Software:TabPFN
| Developer(s) | Noah Hollmann, Samuel Müller, Lennart Purucker, Arjun Krishnakumar, Max Körfer, Shi Bin Hoo, Robin Tibor Schirrmeister, Frank Hutter, Leo Grinsztajn, Klemens Flöge, Oscar Key & Sauraj Gambhir [1] |
|---|---|
| Initial release | September 16, 2023[2][3] |
| Written in | Python[3] |
| Operating system | Linux, macOS, Microsoft Windows[3] |
| Type | Machine learning |
| License | Apache License 2.0 |
| Website | github |
TabPFN (Tabular Prior-data Fitted Network) is a machine learning model for tabular datasets proposed in 2022. It uses a transformer architecture.[1] It is intended for supervised classification and regression analysis on small- to medium-sized datasets, e.g., up to 10,000 samples.[1]
History
TabPFN was first introduced in a 2022 pre-print and presented at ICLR 2023.[2] TabPFN v2 was published in 2025 in Nature (journal) by Hollmann and co-authors.[1] The source code is published on GitHub under a modified Apache License and on PyPi.[4] Writing for ICLR blogs, McCarter states that the model has attracted attention due to its performance on small dataset benchmarks.[5]
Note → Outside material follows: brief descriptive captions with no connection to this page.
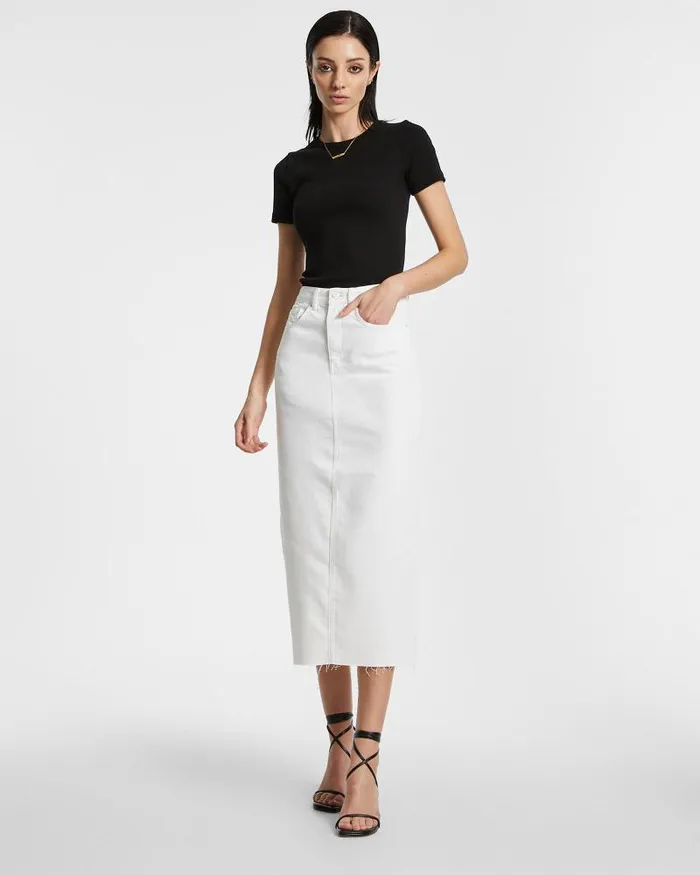Ksubi Graduate Midi Skirt Blanc Womens Denim Skirts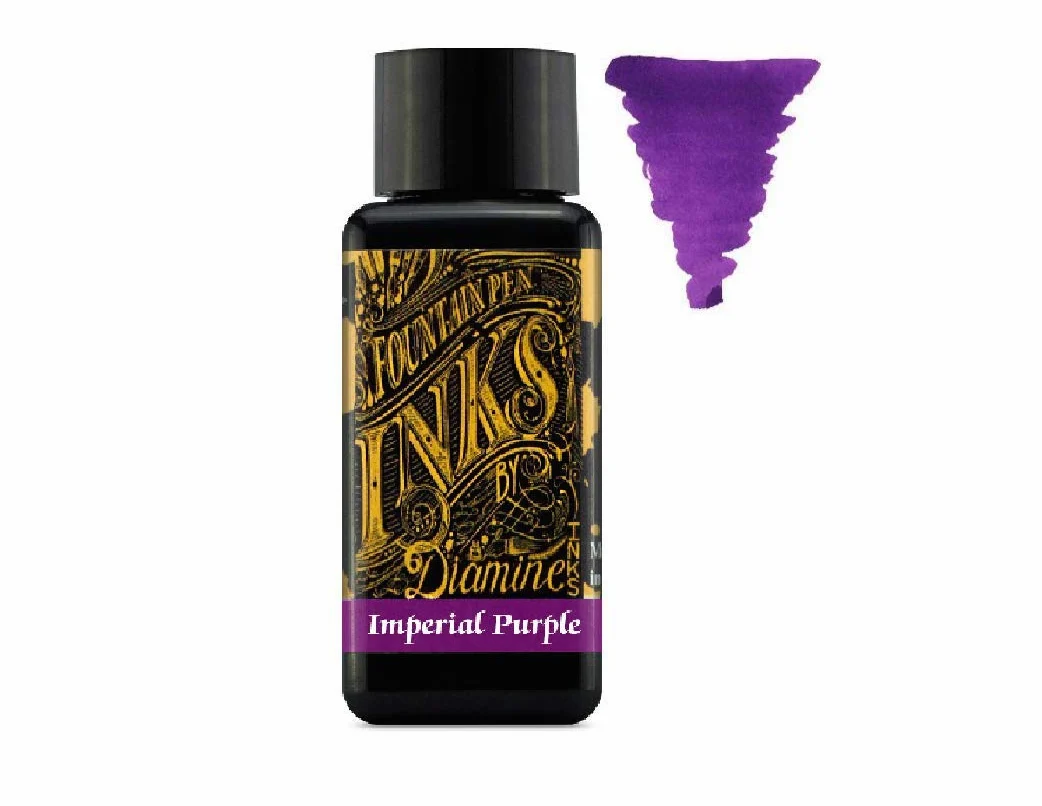 Diamine - Penna stilografica da 30 ml, con ruota colorata, 6 flaconi di Oxblood, zucca, blu acciaio, viola imperiale, rosa speranza, verde delamere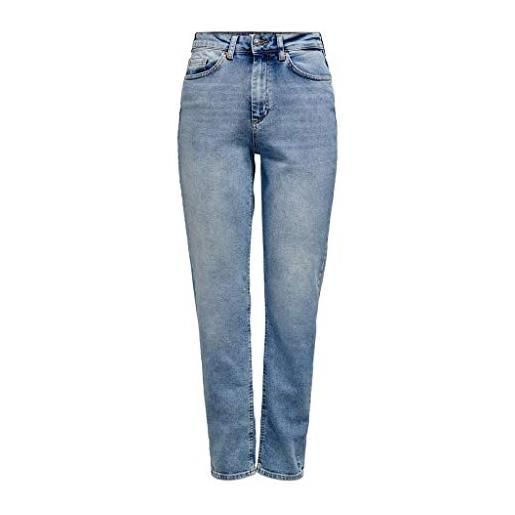 Only onlveneda life mom jeans rea7452, denim blu chiaro, m / 30l donna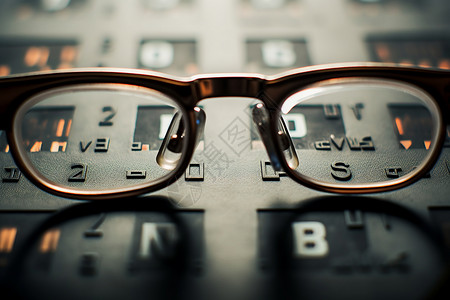 视力清晰的眼镜背景图片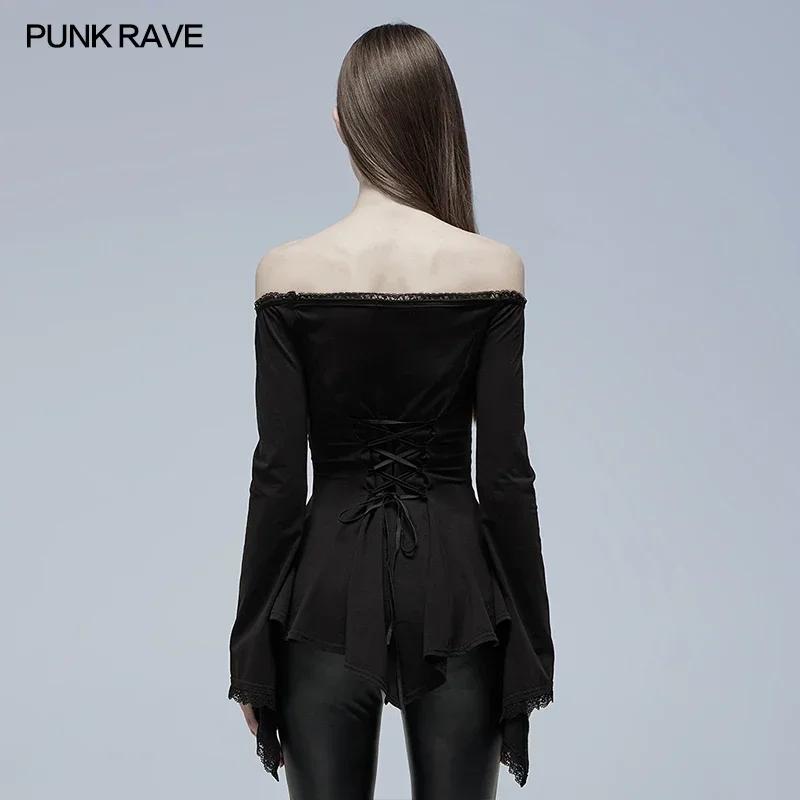 PUNK RAVE-T-shirt à manches longues gothique pour femme, col slash, ligne A, coton élastique, noir, 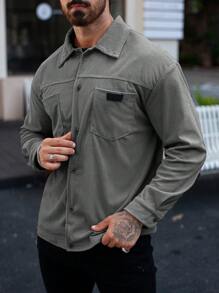 Manfinity Homme 男士贴花双口袋灯芯绒外套 - 深灰色 - 查看 6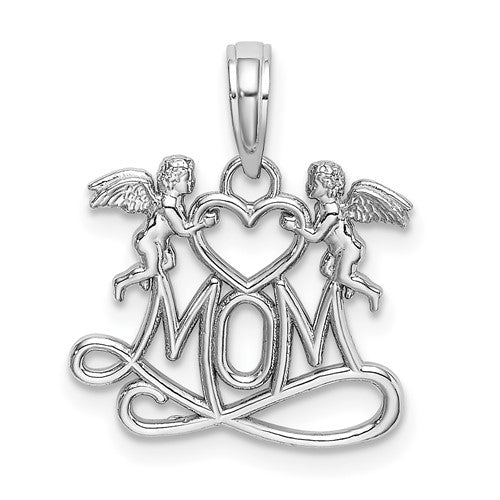 14k-white-gold-mom-w-2-angels-holding-heart-charm-SolomonJeweler-Wichita-KS-CustomJewelry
Prior Labs, founded in 2024, aims to commercialize TabPFN.[6]
Overview and pre-training
TabPFN supports classification, regression and generative tasks.[1] It leverages "Prior-Data Fitted Networks"[7] models to model tabular data.[1] By using a transformer pre-trained on synthetic tabular datasets,[2][5] TabPFN avoids benchmark contamination and costs of curating real-world data.[2]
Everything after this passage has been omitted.